While you do this, you can remove the old pedestal. Unscrew any support screws and hold onto them to reuse. Unscrew any hinges connected to the table (if applicable) and then remove the table.

Secure the new, reinforced pedestal mount to the exact location, then reset the table. The cold weld and screws will prevent the table leg from bending the metal out, increasing the stability and longevity of your RV table.

Adding Additional Support Beams

Adding additional support beams further anchors your table to the floor. You usually situate them at the center of the table, near the pedestal, so they do not interfere with leg room much, but they still cause issues here.

You need:

  • 2 x 2 hardwood beam
  • 4 L-brackets (per beam)
  • Measuring tape
  • Carpentry pencil
  • Screws
  • Protective eyewear
  • Dust mask
  • Sawhorses
  • Gloves
  • Circular saw or handsaw
  • Drill

An 80-inch beam suffices to create two support beams to make your RV table more sturdy. To get the beam’s exact size, measure the distance between the points you plan to secure the wood to the table and the floor.

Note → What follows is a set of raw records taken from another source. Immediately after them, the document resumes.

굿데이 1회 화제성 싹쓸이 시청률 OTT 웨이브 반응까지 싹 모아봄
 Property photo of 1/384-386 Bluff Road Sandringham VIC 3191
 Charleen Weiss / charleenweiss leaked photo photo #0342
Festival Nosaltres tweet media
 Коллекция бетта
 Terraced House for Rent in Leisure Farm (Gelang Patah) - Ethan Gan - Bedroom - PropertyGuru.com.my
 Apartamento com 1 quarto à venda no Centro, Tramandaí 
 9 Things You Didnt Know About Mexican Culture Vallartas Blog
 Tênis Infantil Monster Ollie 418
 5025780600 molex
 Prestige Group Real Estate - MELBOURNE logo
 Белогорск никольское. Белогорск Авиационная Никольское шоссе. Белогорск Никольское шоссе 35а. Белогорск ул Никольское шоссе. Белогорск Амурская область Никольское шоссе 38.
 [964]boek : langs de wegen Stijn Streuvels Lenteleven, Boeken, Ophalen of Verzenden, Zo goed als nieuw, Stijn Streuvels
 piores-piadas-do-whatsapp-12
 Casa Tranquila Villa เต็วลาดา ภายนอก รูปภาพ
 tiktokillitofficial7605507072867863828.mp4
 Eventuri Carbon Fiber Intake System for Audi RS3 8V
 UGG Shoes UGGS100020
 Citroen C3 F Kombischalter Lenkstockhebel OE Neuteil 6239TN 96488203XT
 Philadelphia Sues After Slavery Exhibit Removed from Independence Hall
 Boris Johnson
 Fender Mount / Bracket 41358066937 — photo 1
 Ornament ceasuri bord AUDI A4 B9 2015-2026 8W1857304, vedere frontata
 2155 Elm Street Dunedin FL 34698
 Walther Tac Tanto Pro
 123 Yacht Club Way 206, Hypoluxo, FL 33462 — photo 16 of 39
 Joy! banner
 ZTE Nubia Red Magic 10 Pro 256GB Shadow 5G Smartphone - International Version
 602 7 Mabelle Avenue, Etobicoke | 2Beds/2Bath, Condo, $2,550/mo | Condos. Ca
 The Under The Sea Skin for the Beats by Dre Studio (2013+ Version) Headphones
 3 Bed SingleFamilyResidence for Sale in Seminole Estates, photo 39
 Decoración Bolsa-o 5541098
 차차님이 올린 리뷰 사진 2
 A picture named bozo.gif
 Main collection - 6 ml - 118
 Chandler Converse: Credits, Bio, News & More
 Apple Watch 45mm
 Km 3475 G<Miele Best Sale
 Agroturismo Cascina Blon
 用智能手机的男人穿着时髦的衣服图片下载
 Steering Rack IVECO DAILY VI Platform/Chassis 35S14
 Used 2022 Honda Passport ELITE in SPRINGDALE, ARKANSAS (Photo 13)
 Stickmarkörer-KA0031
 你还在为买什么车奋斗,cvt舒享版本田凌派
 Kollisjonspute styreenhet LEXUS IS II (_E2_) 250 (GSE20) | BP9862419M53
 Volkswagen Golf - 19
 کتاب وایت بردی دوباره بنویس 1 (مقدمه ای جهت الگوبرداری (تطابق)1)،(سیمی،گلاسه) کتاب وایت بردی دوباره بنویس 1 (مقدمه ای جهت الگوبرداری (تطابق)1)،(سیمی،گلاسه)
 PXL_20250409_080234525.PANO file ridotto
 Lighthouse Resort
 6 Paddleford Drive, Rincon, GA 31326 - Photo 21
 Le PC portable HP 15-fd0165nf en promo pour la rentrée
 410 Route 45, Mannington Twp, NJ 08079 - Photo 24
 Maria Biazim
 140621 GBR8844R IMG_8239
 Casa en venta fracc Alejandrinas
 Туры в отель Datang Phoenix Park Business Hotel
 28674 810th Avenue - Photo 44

Once the beams are cut to size, cut a 45° angle to each wood end. Ensure the flat edges match where you will anchor the wood. For example, securing the floor requires cuts occurring on opposite sides.

Secure L brackets on the top cut so you can attach them to the tabletop. Line these up flush with the edge of the wood, then use 1- or 1.5-inch screws to secure them to the wood.

For the two brackets on the base, ensure they are flush with the bottom cut and edge. Orient them properly to secure them to the floor or the wall.

Once all four brackets are secure, anchor them to the tabletop and the other location. Make sure you use screws small enough that they do not surpass the table’s surface, but use longer screws on the other end.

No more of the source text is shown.